EXERCISE PROMPT:
Leave the pictures out. Retype exactly the lines below from the one containing "Outdoor Travel Kit" through the one containing "Modern Restaurant Armed", and no others.

RECORD EXCERPTS:
══════
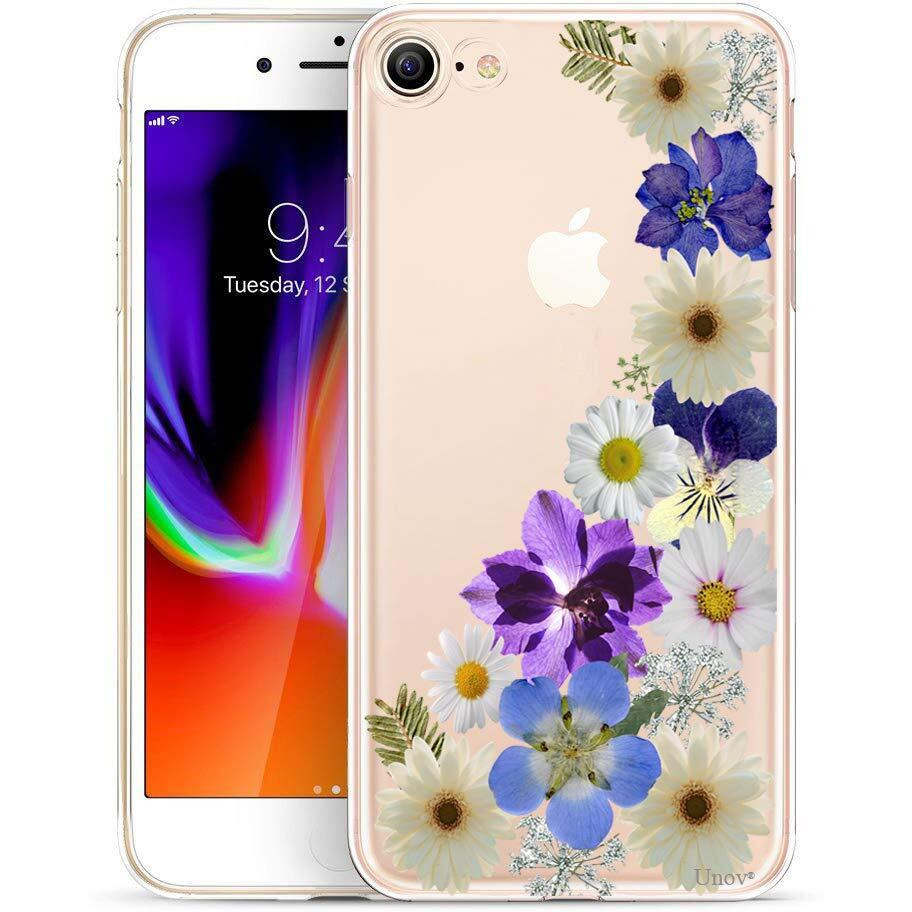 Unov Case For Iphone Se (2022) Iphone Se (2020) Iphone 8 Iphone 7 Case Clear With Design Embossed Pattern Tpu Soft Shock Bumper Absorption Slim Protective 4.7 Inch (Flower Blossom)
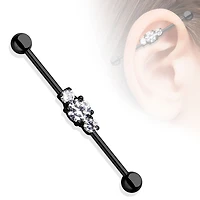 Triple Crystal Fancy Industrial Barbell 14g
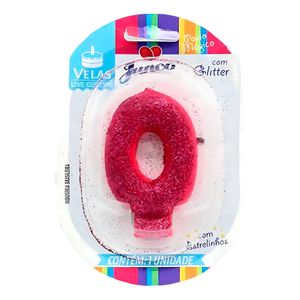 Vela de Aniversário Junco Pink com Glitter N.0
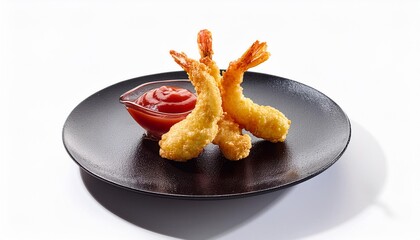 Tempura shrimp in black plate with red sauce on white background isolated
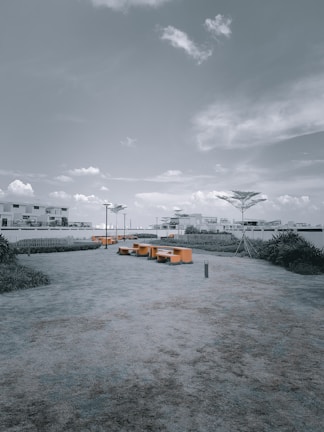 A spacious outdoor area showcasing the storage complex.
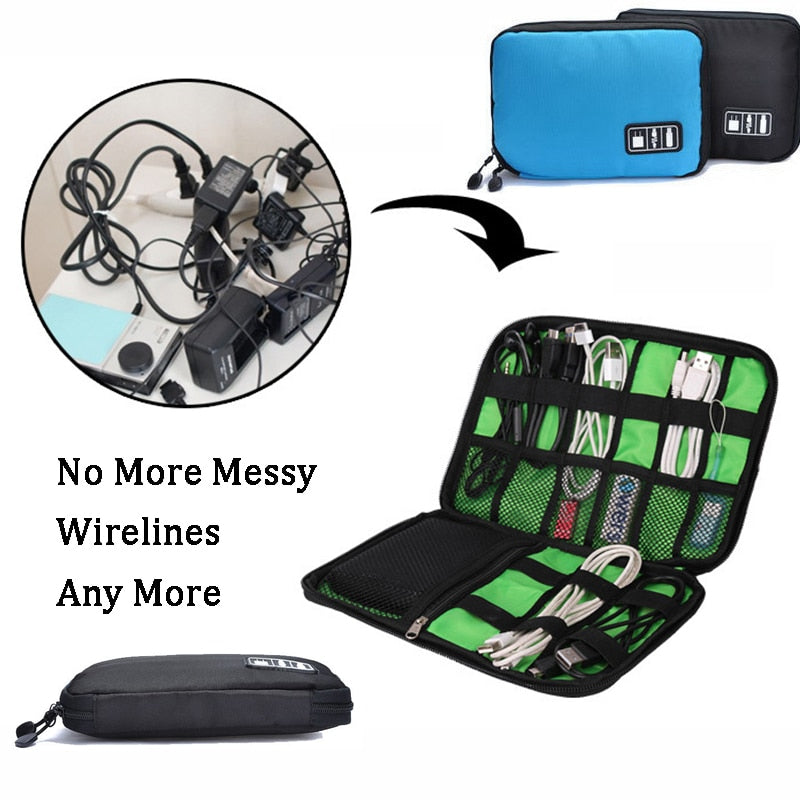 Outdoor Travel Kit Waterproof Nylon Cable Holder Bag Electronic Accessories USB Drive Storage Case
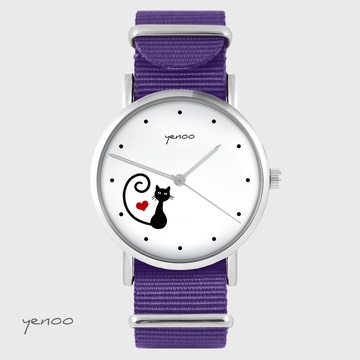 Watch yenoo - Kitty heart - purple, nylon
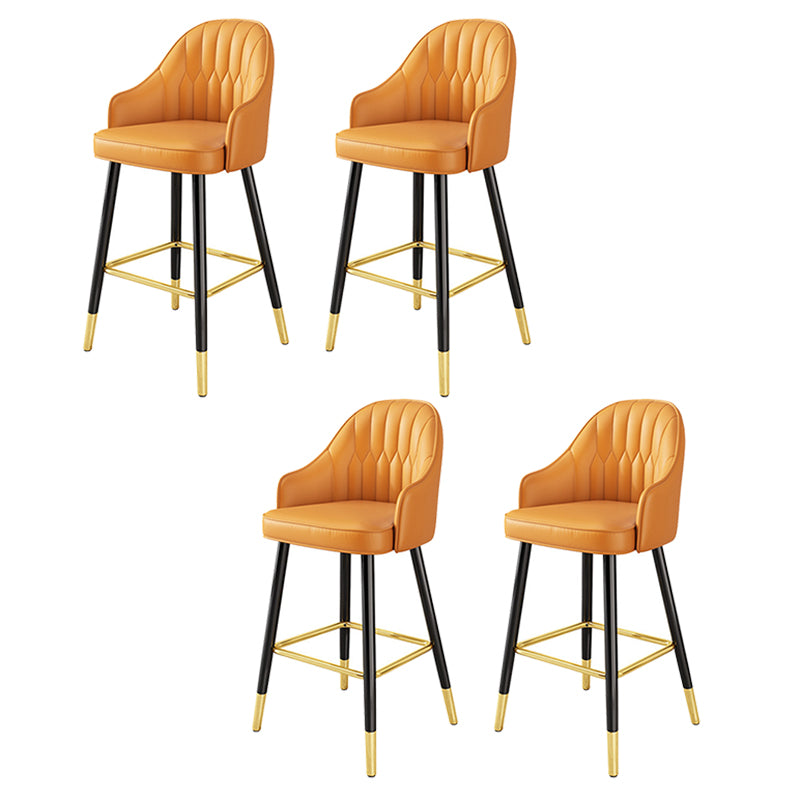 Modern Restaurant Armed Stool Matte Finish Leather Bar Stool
══════
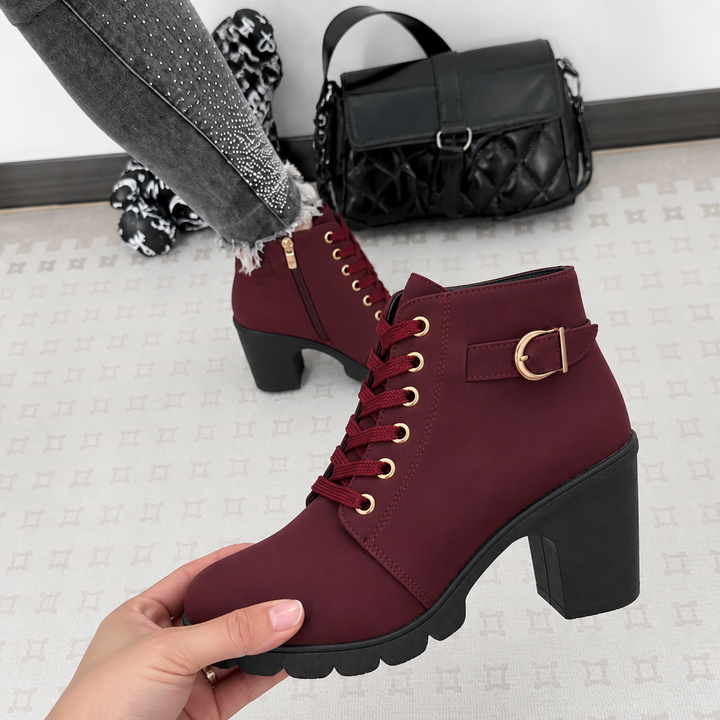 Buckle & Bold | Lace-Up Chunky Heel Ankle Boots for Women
══════
WRITTEN REPLY:
 Outdoor Travel Kit Waterproof Nylon Cable Holder Bag Electronic Accessories USB Drive Storage Case
 Watch yenoo - Kitty heart - purple, nylon
 Modern Restaurant Armed Stool Matte Finish Leather Bar Stool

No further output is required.